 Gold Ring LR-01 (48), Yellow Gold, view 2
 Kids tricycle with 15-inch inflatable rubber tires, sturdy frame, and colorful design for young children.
--
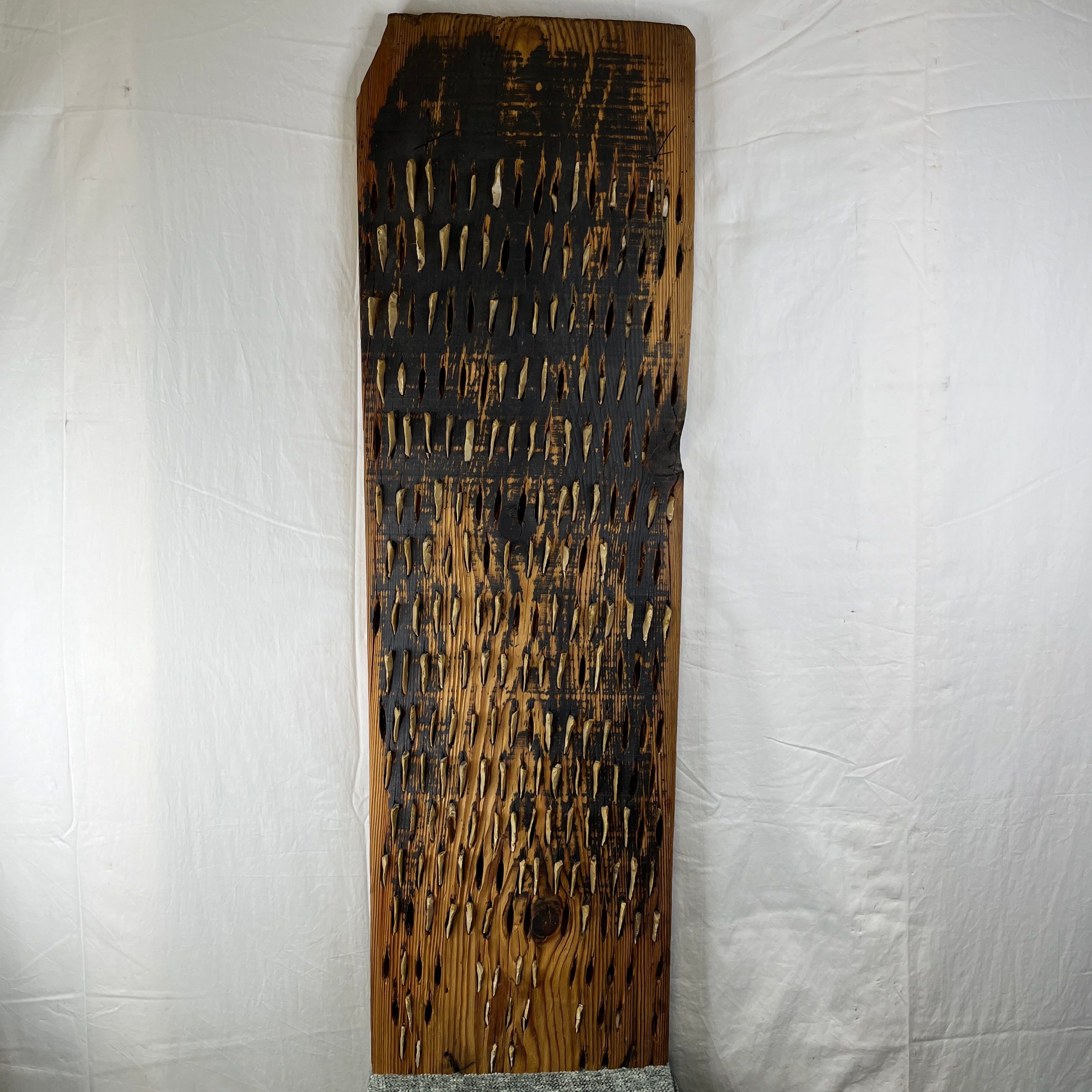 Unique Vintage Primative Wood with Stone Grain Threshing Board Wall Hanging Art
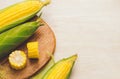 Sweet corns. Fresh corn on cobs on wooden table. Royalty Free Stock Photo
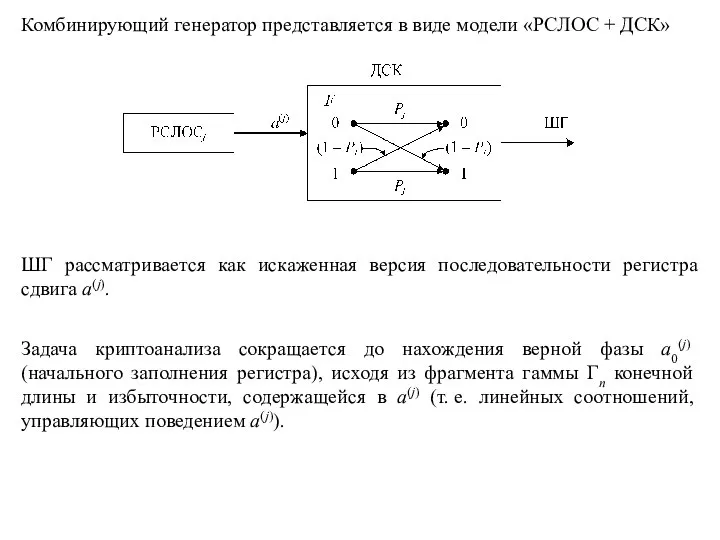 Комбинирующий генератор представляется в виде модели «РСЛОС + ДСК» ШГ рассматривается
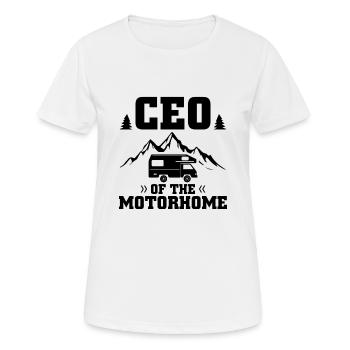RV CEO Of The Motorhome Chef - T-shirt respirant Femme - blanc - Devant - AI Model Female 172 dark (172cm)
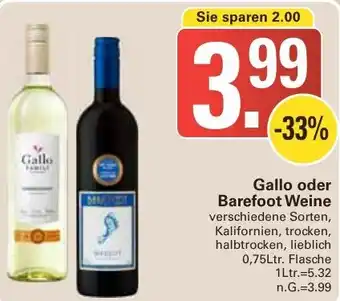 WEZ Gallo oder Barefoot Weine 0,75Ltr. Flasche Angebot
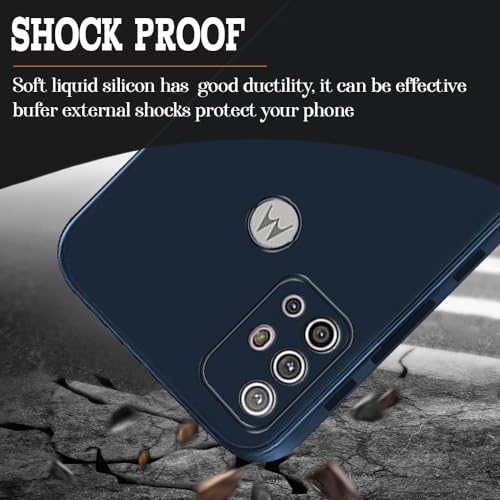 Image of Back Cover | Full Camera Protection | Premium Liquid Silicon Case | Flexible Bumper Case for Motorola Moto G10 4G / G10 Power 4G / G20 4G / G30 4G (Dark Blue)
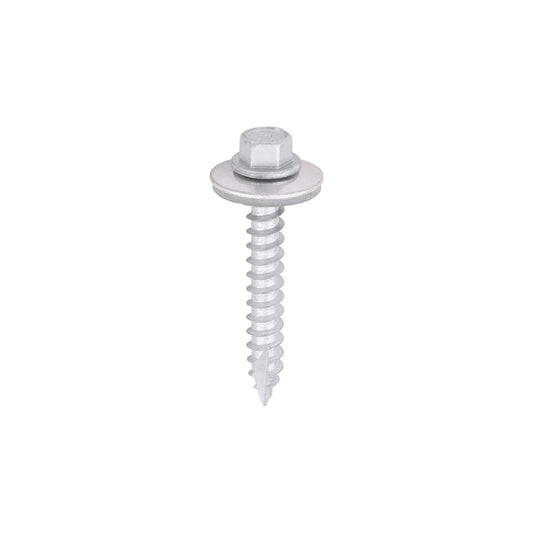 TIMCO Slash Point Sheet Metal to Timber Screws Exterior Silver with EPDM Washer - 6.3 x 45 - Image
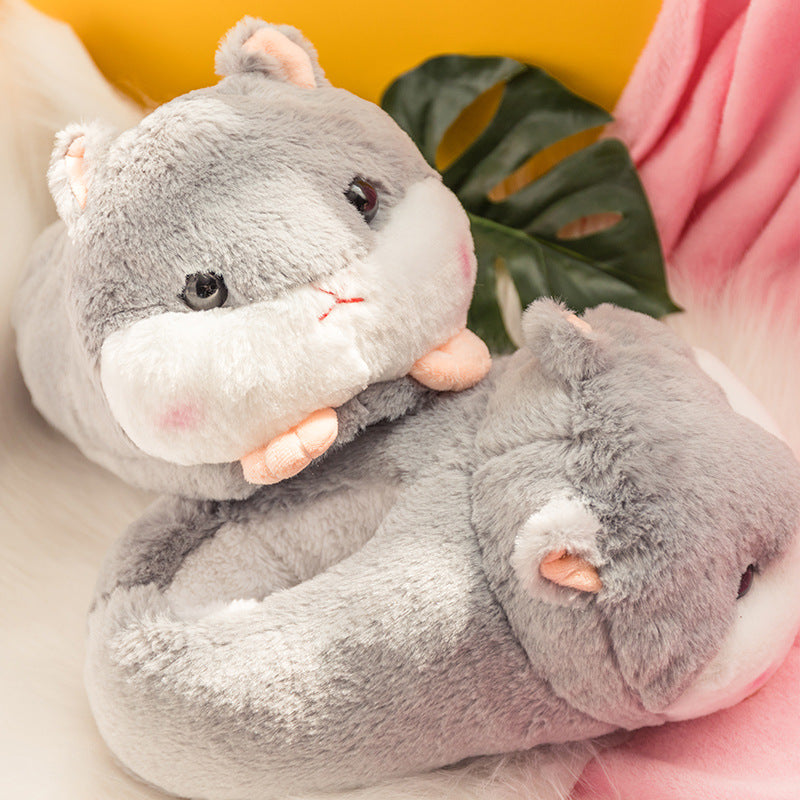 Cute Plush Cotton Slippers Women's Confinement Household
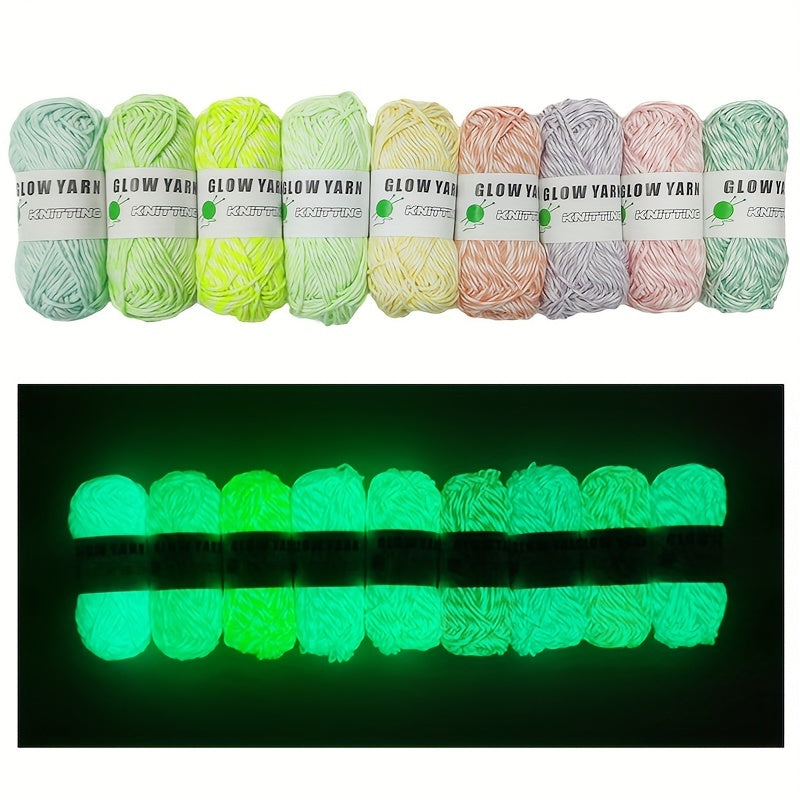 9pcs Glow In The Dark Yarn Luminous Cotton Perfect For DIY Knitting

▶ [Your goal] Restate word for word only the lines above from the line containing "Gold Ring LR-01 (48), Yellow Gold, view 2" to the line containing "Kids tricycle with", both of them included.

▶ [Completed exercise]
 Gold Ring LR-01 (48), Yellow Gold, view 2
 Kids tricycle with 15-inch inflatable rubber tires, sturdy frame, and colorful design for young children.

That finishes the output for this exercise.